村川透監督が“トラ!精神”で現役宣言

 2016年も上半期を振り返る時期になった。日本映画界に目を移すと、和製ハードボイルド映画の巨匠・村川透監督の復活がトピックの一つとして挙げられるだろう。劇場映画としては1997年の「まむしの兄弟」以来、実に19年ぶり、21世紀の第1作となる「さらば あぶない刑事」が今年1月に公開された。さらに長編テレビドラマでも精力的に新作を連発している。

 その最新作は7月2日(後9・00)放送のテレビ朝日系「西村京太郎トラベルミステリー66 釧路・帯広殺人ルート」。高橋英樹主演の土曜ワイド劇場で、今年2月放送の同シリーズ「~65」に続く監督作である。いつチャンネルを変えられるか分からないテレビというシビアな媒体にあっても、活劇としての映画を血肉化したことによって生まれる、視聴者を飽きさせない「面白きゃ何でもあり精神」を発揮している。

 今春、東映本社で村川監督を取材させていただいた。原点である日活の助監督時代に接した石原裕次郎と渡哲也が主演し、盟友・松田優作と初タッグを組んだ記念碑的テレビ映画「大都会」シリーズ(日本テレビ系)の舞台裏をうかがった。取材後は「さらば あぶない刑事」のパネル前に立って写真撮影。舘ひろし、柴田恭兵の間に立つ監督のシャープな体型と黒ずくめでダンディーないでたちは、79歳という年齢を感じさせなかった。

 その時、本筋から離れて、70年の日米合作映画「トラ!トラ!トラ」について熱く語られたことが印象的だった。あの黒澤明監督が降板した窮地にあって、日活の舛田利雄と東映の深作欣二が共同監督を務め、村川はチーフ助監督としてハリウッド大作の現場を限られた時間で仕切った。59年の日活入社から10年を越える助監督としての経験値が“早い、うまい”現場の仕切りとして結実。日活ロマンポルノで3作を残して山形に帰郷していた村川が「大都会」で現場復帰した背景には、「トラ!~」で得た信頼があったという。

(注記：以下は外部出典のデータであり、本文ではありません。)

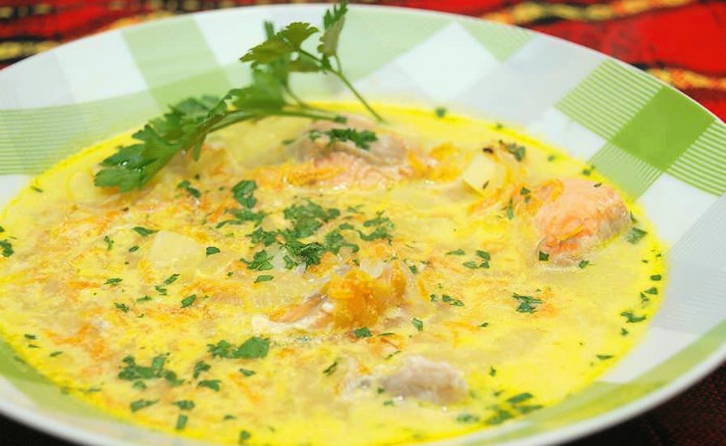 Сливочный суп из лосося лохикейто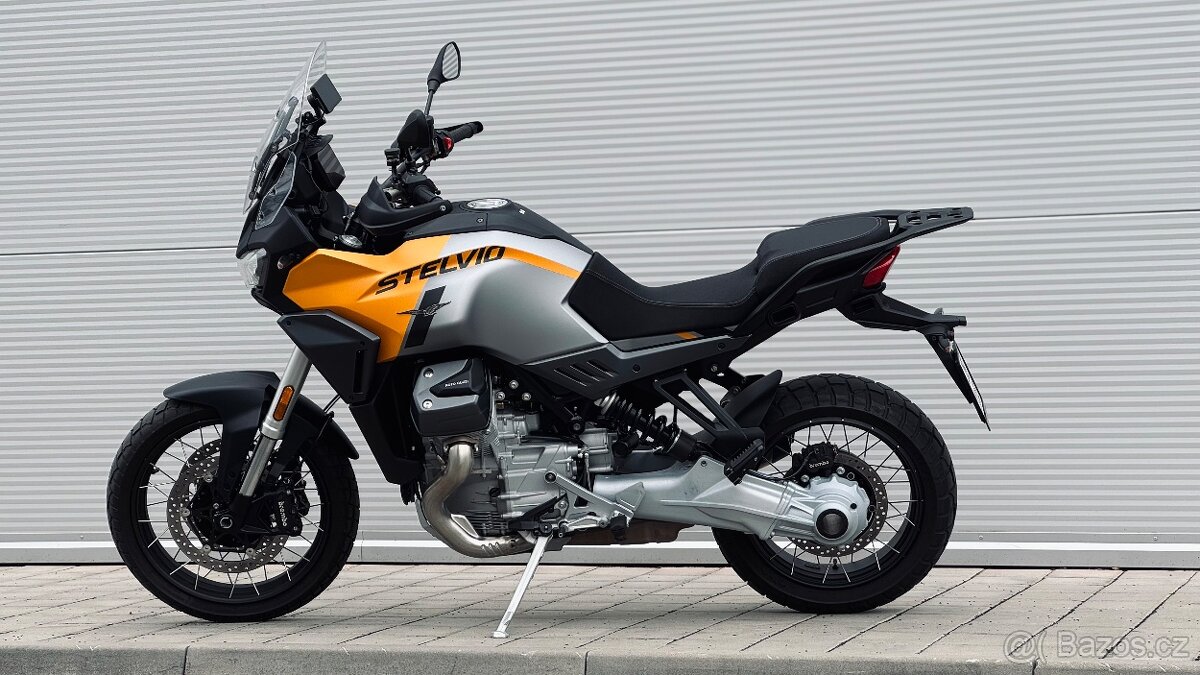 Moto Guzzi V100 Stelvio - 2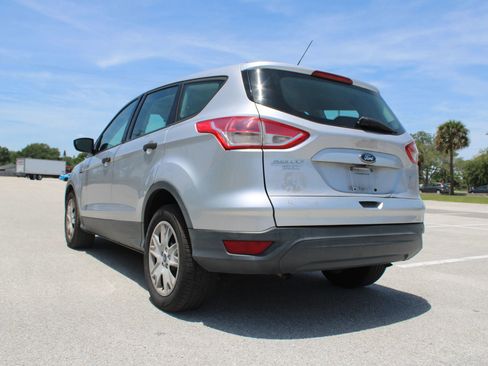 Used 2016 Ford Escape S FWD image 5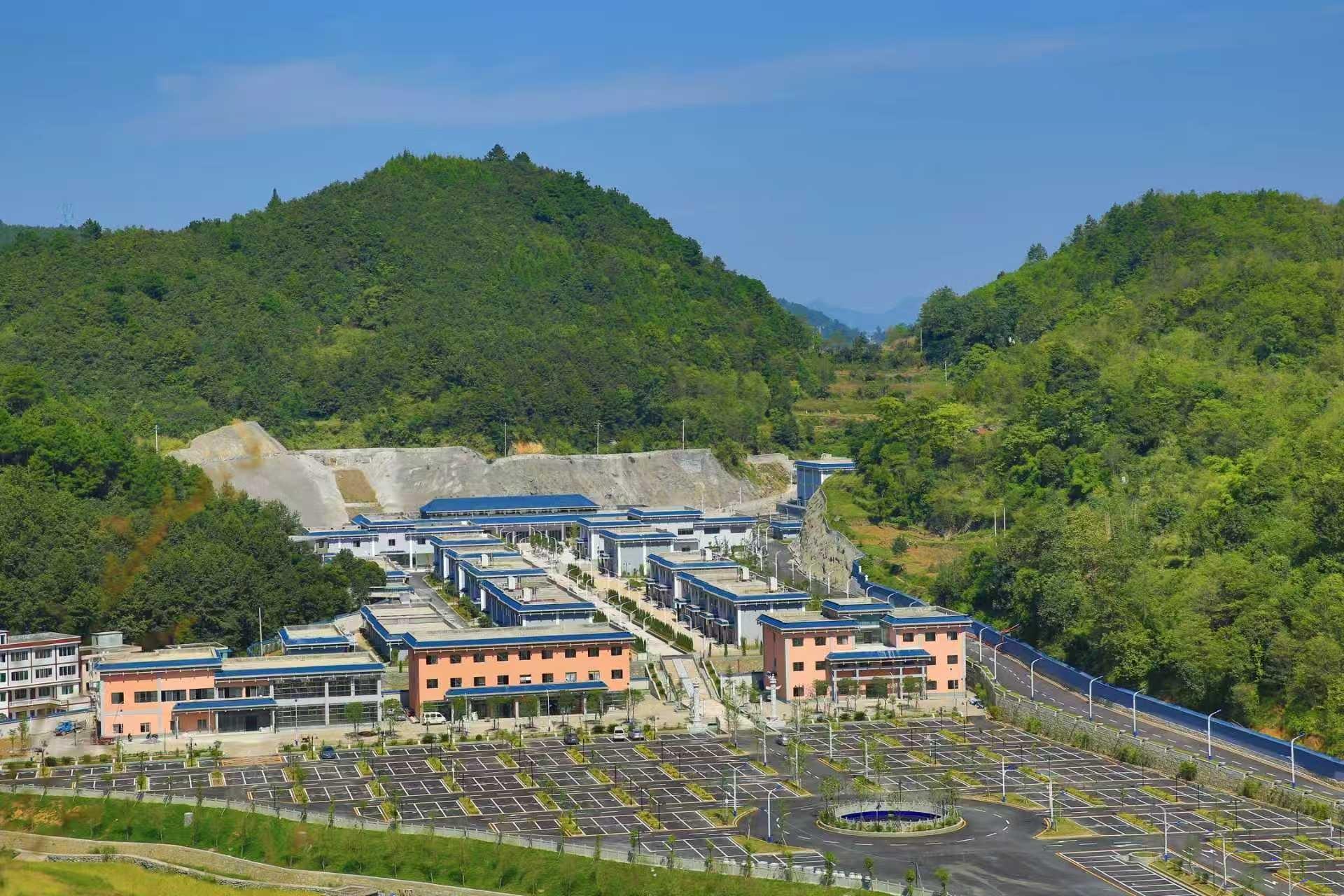 灵鼎山殡仪馆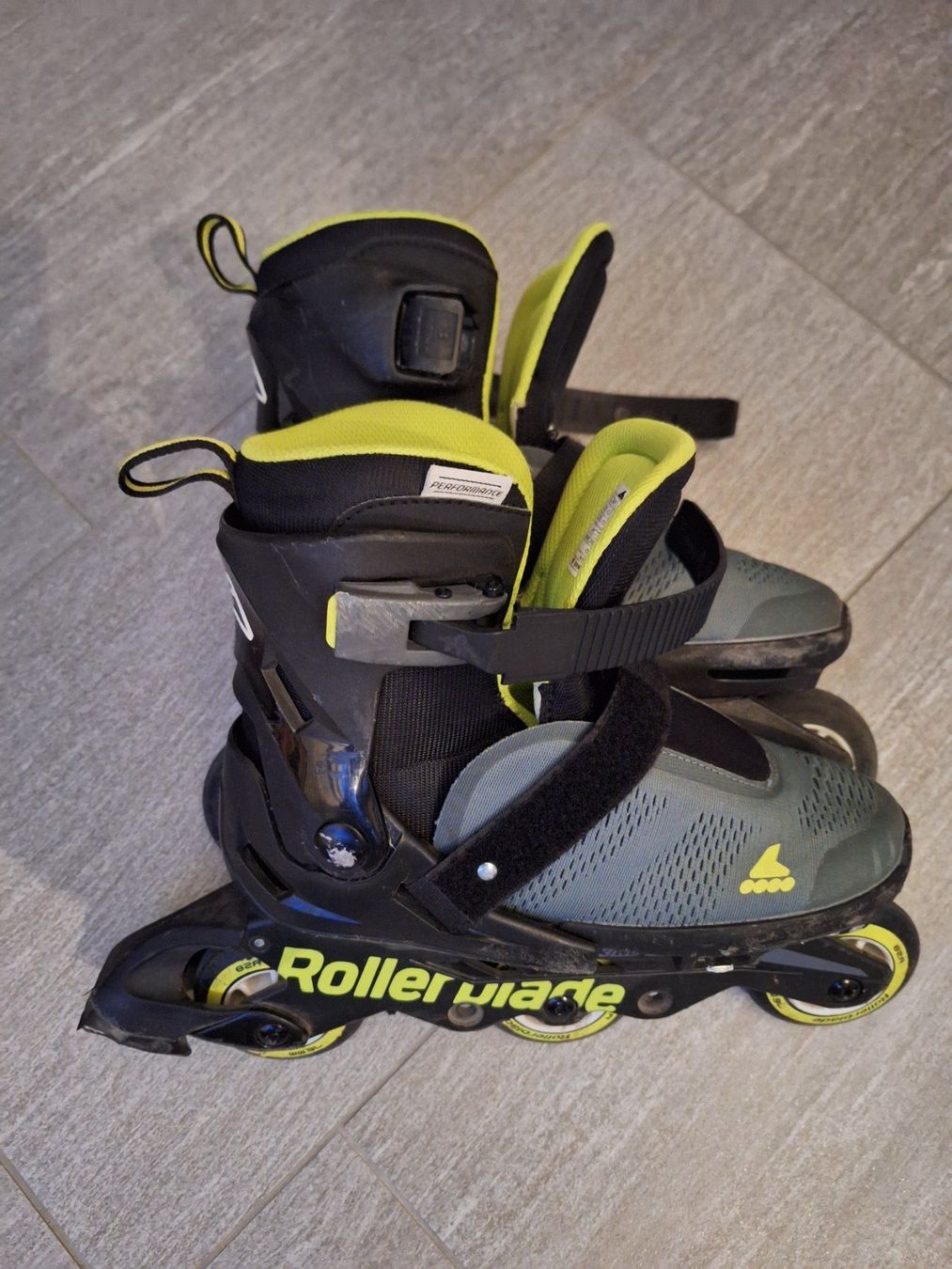 Pattini in linea & Pattini a rotelle: Rollerblade Kinder Grösse verstellbar 33-36.5 – Usato da Goldiwil (Thun) venduto da Thom37a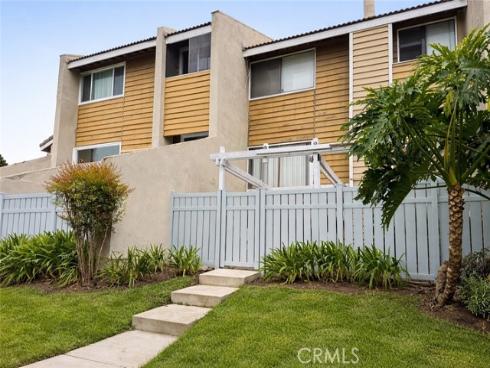 18697  Club  , Huntington Beach, CA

 そんな村川に、今も現役であり続ける監督哲学を聞いた。

 「ずっと助監督をやってきて、思うような絵(映像)に到達できるのは修行なんですよ。基本からの積み上げ。一番下のカチンコから、衣装、小道具もやって、その修行があったから、何やらせたって俺は負けないし、思う絵を作れるというのがあるわけだ。口幅ったいけどね(笑)」

 「大都会 PART2」では東京タワーでの高層撮影を敢行した。「『やろう』と思えばできるんですよ。俺は『できない』じゃなくて、『どうすればできるか』だから。(『さらば あぶない刑事』では)横浜で撮影できないシーンを四日市で撮った。『やろう』とする気構えですよ」

 「(松田主演で初タッグの映画)『最も危険な遊戯』は十分なお金も時間もない中、2週間、1人で3人分働いた。そして俺の思いを具現化させてもらったのは『蘇る金狼』。やりたいようにやらせてもらった。頂点にいったのは『野獣死すべし』。それから優作は芸術作品へ、(鈴木)清順さんや森田芳光に行って、俺は俺でテレビも含めて400何十本やった。『暴れん坊将軍』なんて800回記念もやったし、『はぐれ刑事純情派』とか。映画だろうがテレビだろうが現場は同じ。テレビ大好きですし」

 村川は松田の映像作品としての遺作となった「華麗なる追跡」(※日本テレビ系、89年10月放送)の監督を務めた。それも運命。互いの原点となるテレビのアクションドラマで再会し、放送翌月に永遠の別れを迎えた。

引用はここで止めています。